DATA SEGMENT >>
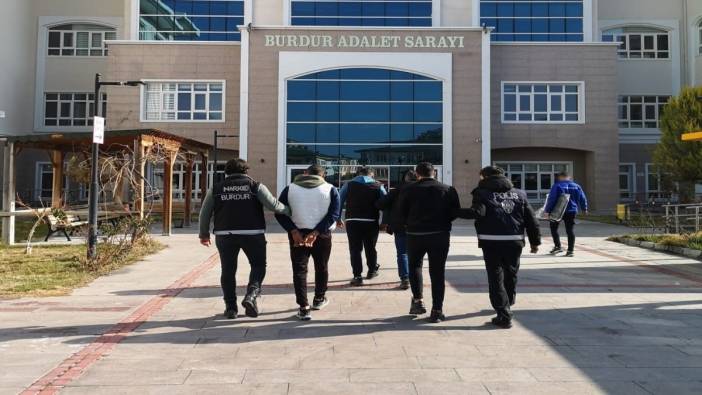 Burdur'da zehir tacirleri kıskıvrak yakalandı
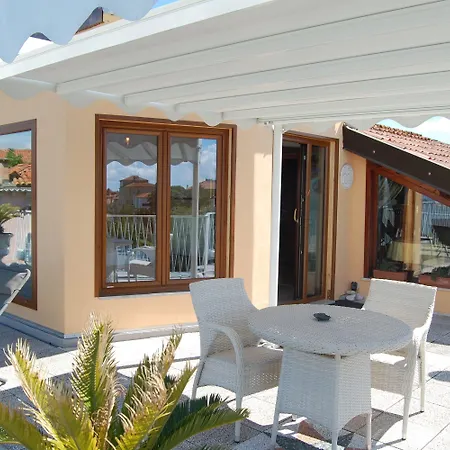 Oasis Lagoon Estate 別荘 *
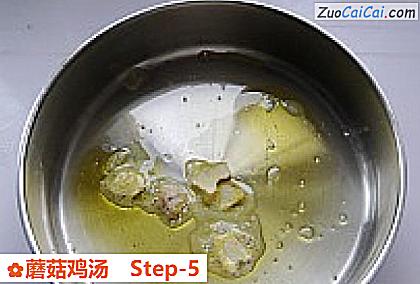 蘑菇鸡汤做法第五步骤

TASK DIRECTIONS >> The answer must be the full listing, exact in every line, with the pictures removed.

RESULT FOR THIS EXERCISE >>
 Burdur'da zehir tacirleri kıskıvrak yakalandı
 Oasis Lagoon Estate 別荘 *
 蘑菇鸡汤做法第五步骤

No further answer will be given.